The rewrite stage has no code yet — here it is. It only fires when there's conversation history (a cold single question needs no rewrite), and it reuses the same messages.create pattern as answer.py. Concrete prompt first:

Prompt to try

You rewrite a follow-up question into a standalone search query. Using the conversation history for context, produce ONE self-contained query that carries all the context the retriever needs — resolve pronouns and implicit references ('what about for them?' → 'trade program return policy'). Output only the rewritten query, no preamble, no quotes.

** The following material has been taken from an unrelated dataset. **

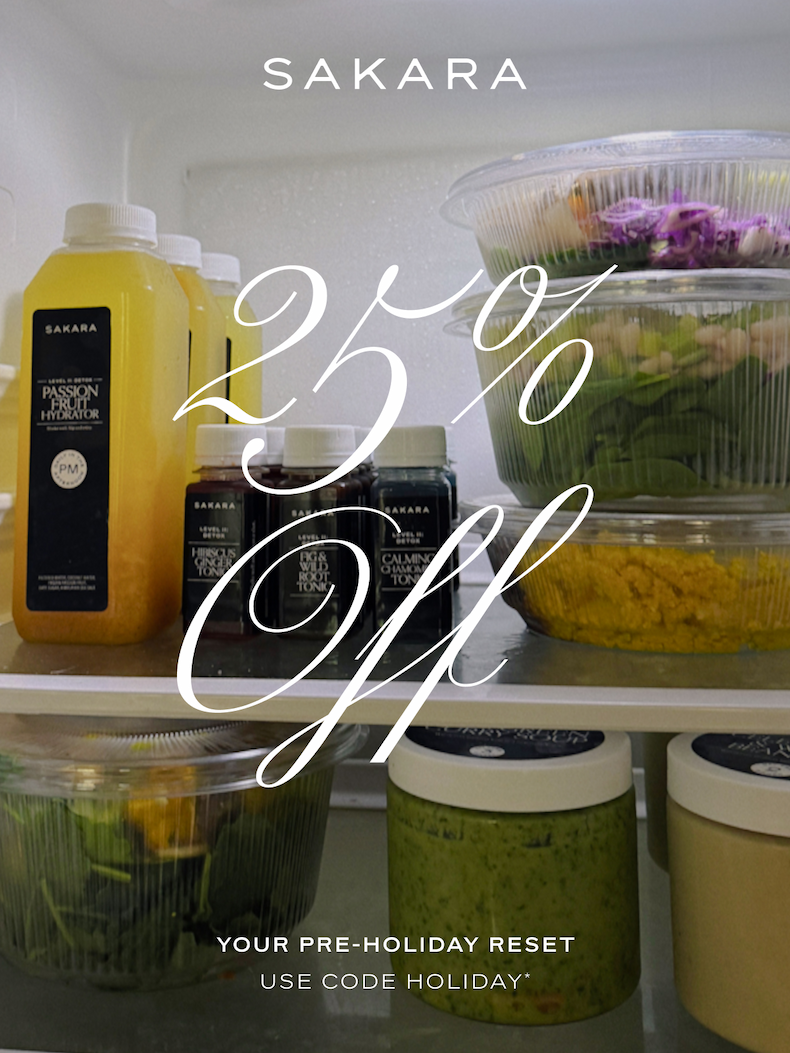 Sakara: 25% Off Your Pre-Holiday Reset with Code Holiday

This is the small-model call the pipeline step describes. Keep it terse: the output feeds retrieval, not the user.

rewrite.pypython
import anthropic

REWRITE_SYSTEM = """You rewrite a follow-up question into a standalone search
query. Using the conversation history for context, produce ONE self-contained
query that carries all the context the retriever needs — resolve pronouns and
implicit references. Output only the rewritten query, no preamble, no quotes."""

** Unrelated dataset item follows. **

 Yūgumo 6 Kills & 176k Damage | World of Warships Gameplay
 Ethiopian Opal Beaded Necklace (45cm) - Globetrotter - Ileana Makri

def rewrite(query: str, history: list[dict]) -> str:
    """Turn a conversational turn into a standalone query.
    Returns `query` unchanged when there's no history to resolve against."""
    if not history:
        return query
    turns = "\n".join(f"{h['role']}: {h['content']}" for h in history)
    client = anthropic.Anthropic()
    msg = client.messages.create(
        model="claude-sonnet-5",   # small/fast model is fine; id is swappable
        max_tokens=128,
        system=REWRITE_SYSTEM,
        messages=[{"role": "user",
                   "content": f"History:\n{turns}\n\nFollow-up: {query}"}],
    )
    return msg.content[0].text.strip()

Step 4 — The two-turn test

  1. 1Ask 'what's the return window?' then follow with 'and for trade customers?' — passing history. Verify the rewrite produced a standalone query and retrieval found the trade-program article.
  2. 2Check the trace: this is the first time you can watch a conversational question travel the whole pipe. Save this trace in LAB-NOTES; it's your demo artifact.
Problem set 4

In the workbook: a pipeline trace where the final answer is wrong. The bug is in exactly one stage (the rewrite dropped a qualifier). Practice the debugging order — trace → retrieval → context → prompt — and write where you'd have caught it and which log field proved it.